#### Task to carry out:
What you return should be the line containing "Chiffon Maxi Dress-Mint" and each line after it to the end of the records, copied exactly.

Records shown Start Marker

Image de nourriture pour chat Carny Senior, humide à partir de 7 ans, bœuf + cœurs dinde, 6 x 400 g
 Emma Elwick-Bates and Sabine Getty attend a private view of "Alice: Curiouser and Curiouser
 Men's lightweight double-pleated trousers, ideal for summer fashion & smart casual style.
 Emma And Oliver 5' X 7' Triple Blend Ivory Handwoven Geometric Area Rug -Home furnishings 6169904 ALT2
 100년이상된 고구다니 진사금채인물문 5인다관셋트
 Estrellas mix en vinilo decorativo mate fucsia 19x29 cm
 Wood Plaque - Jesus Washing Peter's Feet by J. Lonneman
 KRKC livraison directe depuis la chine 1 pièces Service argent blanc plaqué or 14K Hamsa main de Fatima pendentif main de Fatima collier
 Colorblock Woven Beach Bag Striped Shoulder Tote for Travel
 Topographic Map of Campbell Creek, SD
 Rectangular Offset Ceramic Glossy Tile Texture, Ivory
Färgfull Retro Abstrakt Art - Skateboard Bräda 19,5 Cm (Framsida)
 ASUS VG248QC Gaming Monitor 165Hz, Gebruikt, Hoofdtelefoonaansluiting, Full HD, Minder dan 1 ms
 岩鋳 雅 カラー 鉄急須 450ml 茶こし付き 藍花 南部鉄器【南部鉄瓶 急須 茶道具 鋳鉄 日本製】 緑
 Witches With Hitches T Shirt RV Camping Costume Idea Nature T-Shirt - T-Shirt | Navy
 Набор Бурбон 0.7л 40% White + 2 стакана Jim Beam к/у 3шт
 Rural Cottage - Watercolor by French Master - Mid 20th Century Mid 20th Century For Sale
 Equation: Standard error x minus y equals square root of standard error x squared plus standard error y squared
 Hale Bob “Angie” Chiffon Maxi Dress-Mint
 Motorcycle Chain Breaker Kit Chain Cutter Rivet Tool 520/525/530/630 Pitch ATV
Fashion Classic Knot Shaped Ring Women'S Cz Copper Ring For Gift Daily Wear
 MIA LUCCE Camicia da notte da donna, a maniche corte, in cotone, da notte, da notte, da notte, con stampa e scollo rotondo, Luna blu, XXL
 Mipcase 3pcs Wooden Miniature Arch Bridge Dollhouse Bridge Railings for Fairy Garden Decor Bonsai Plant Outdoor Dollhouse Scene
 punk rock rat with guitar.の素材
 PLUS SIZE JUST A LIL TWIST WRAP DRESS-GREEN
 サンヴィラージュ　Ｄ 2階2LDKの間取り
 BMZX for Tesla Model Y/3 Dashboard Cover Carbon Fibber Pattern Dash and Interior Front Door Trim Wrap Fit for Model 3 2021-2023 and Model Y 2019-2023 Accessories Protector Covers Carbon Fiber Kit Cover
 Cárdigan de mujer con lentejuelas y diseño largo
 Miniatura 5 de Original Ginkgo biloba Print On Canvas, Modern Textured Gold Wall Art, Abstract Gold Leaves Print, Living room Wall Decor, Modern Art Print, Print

Records shown End Marker

#### Your response:
 Hale Bob “Angie” Chiffon Maxi Dress-Mint
 Motorcycle Chain Breaker Kit Chain Cutter Rivet Tool 520/525/530/630 Pitch ATV
Fashion Classic Knot Shaped Ring Women'S Cz Copper Ring For Gift Daily Wear
 MIA LUCCE Camicia da notte da donna, a maniche corte, in cotone, da notte, da notte, da notte, con stampa e scollo rotondo, Luna blu, XXL
 Mipcase 3pcs Wooden Miniature Arch Bridge Dollhouse Bridge Railings for Fairy Garden Decor Bonsai Plant Outdoor Dollhouse Scene
 punk rock rat with guitar.の素材
 PLUS SIZE JUST A LIL TWIST WRAP DRESS-GREEN
 サンヴィラージュ　Ｄ 2階2LDKの間取り
 BMZX for Tesla Model Y/3 Dashboard Cover Carbon Fibber Pattern Dash and Interior Front Door Trim Wrap Fit for Model 3 2021-2023 and Model Y 2019-2023 Accessories Protector Covers Carbon Fiber Kit Cover
 Cárdigan de mujer con lentejuelas y diseño largo
 Miniatura 5 de Original Ginkgo biloba Print On Canvas, Modern Textured Gold Wall Art, Abstract Gold Leaves Print, Living room Wall Decor, Modern Art Print, Print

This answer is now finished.